### Recorded data

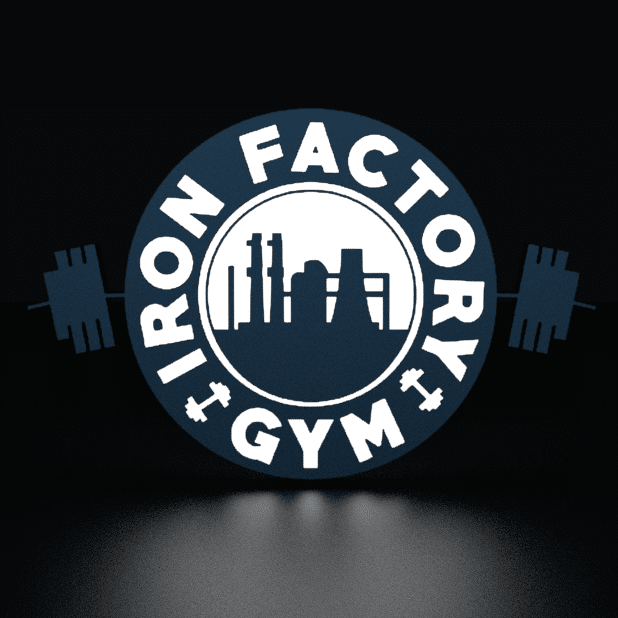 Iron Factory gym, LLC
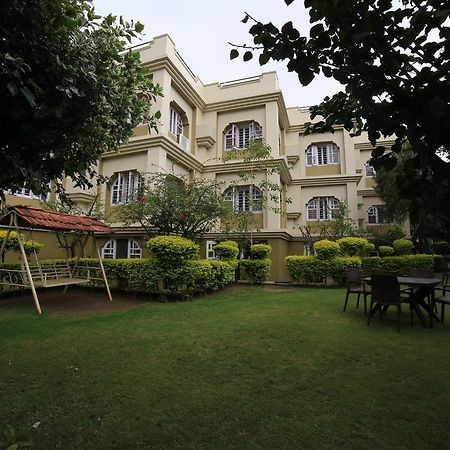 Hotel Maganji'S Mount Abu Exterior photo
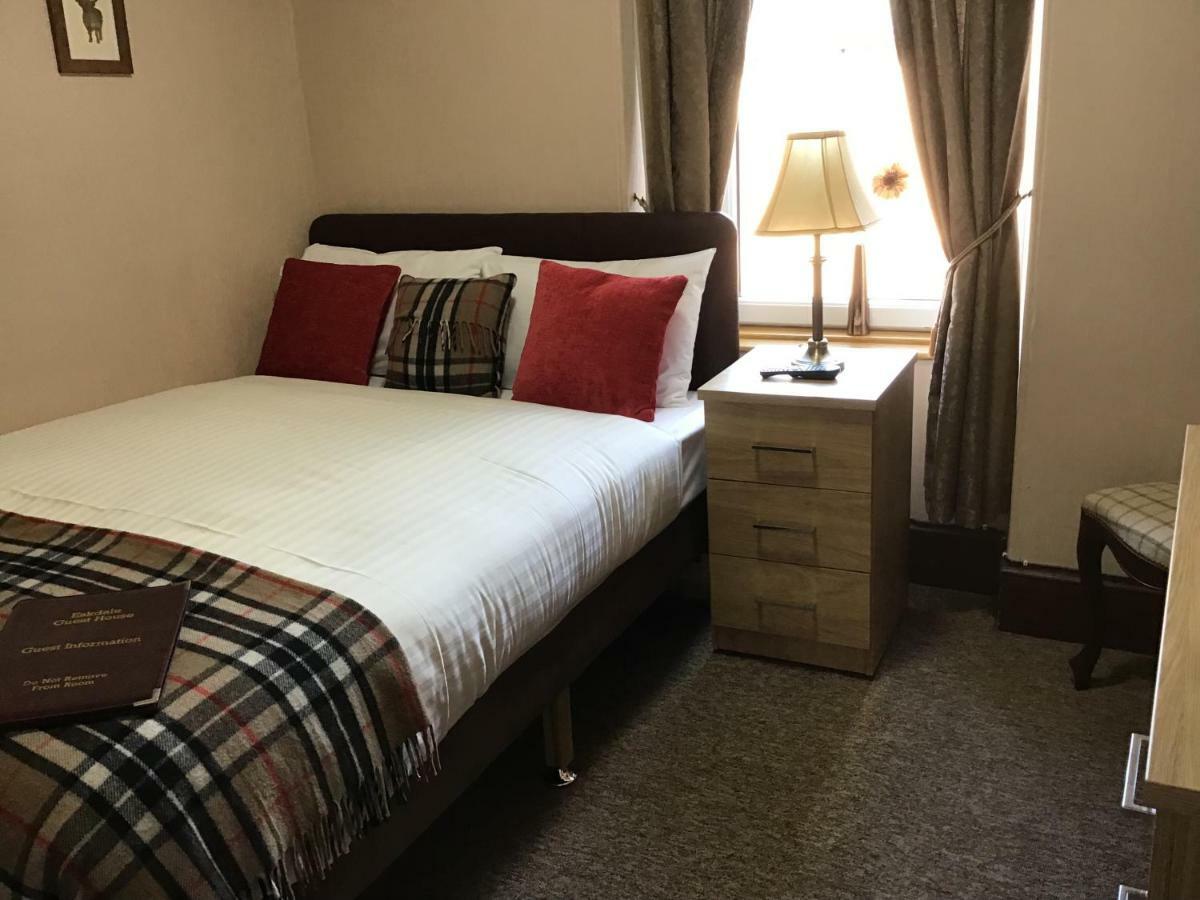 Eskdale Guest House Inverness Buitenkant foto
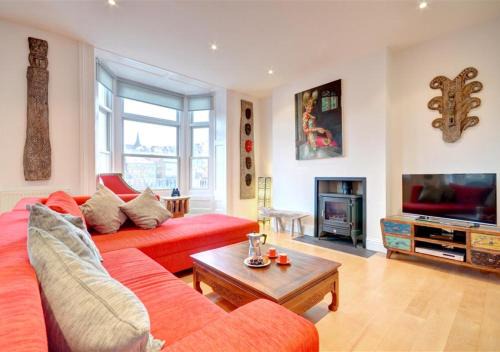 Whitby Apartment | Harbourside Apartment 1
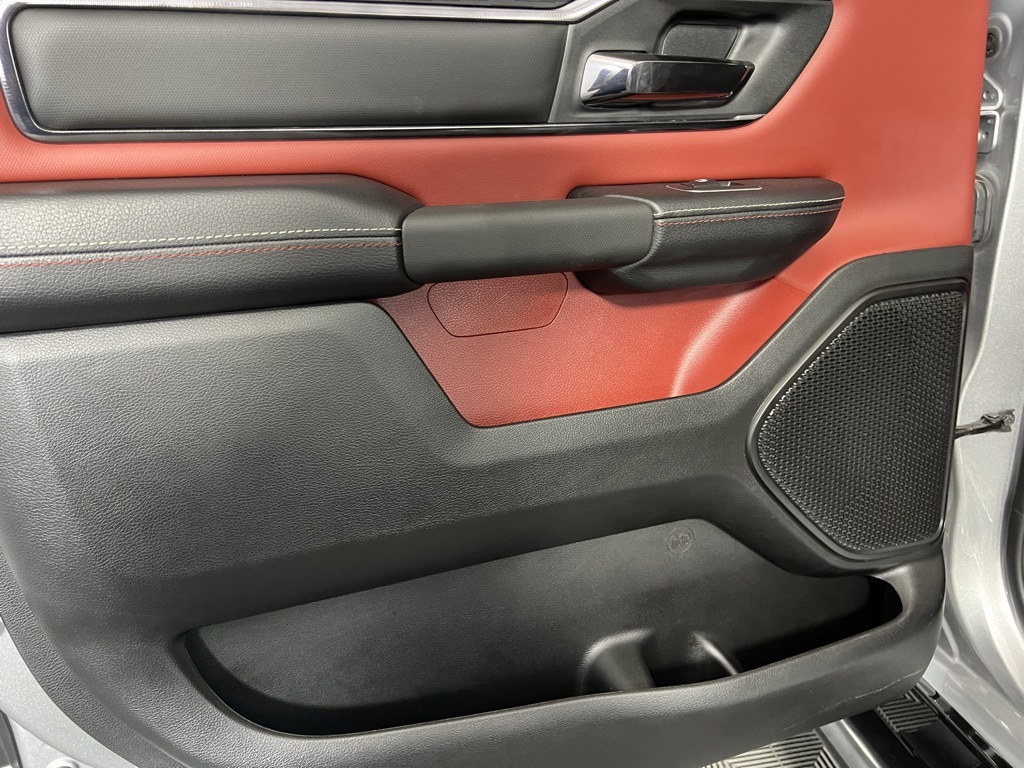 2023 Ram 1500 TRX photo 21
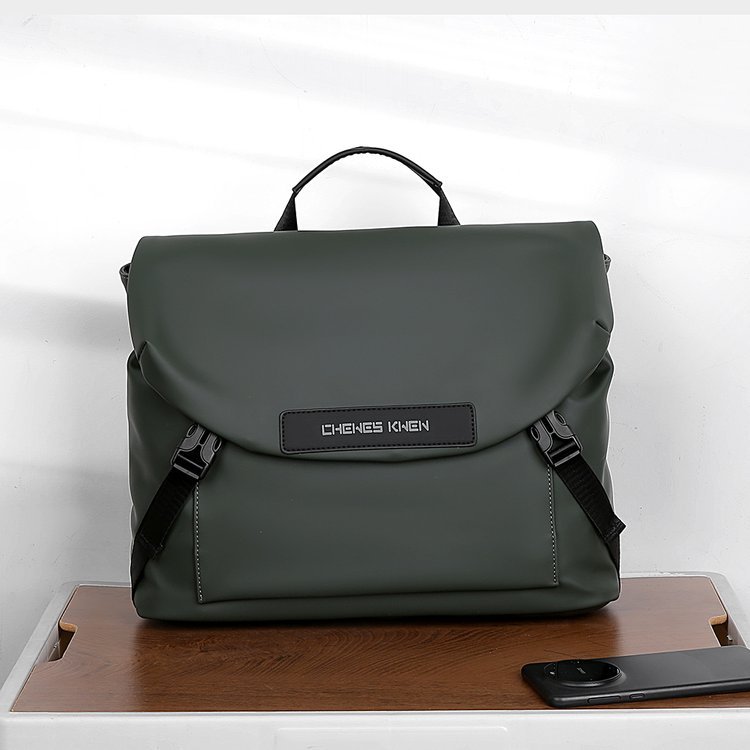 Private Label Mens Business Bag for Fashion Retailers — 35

######

■ What this task involves ■
An acceptable answer consists of the lines above from the one holding "Whitby Apartment | Harbourside Apartment 1" to the end of the data, repeated exactly and containing no pictures.

■ Your response ■
 Whitby Apartment | Harbourside Apartment 1
 2023 Ram 1500 TRX photo 21
 Private Label Mens Business Bag for Fashion Retailers — 35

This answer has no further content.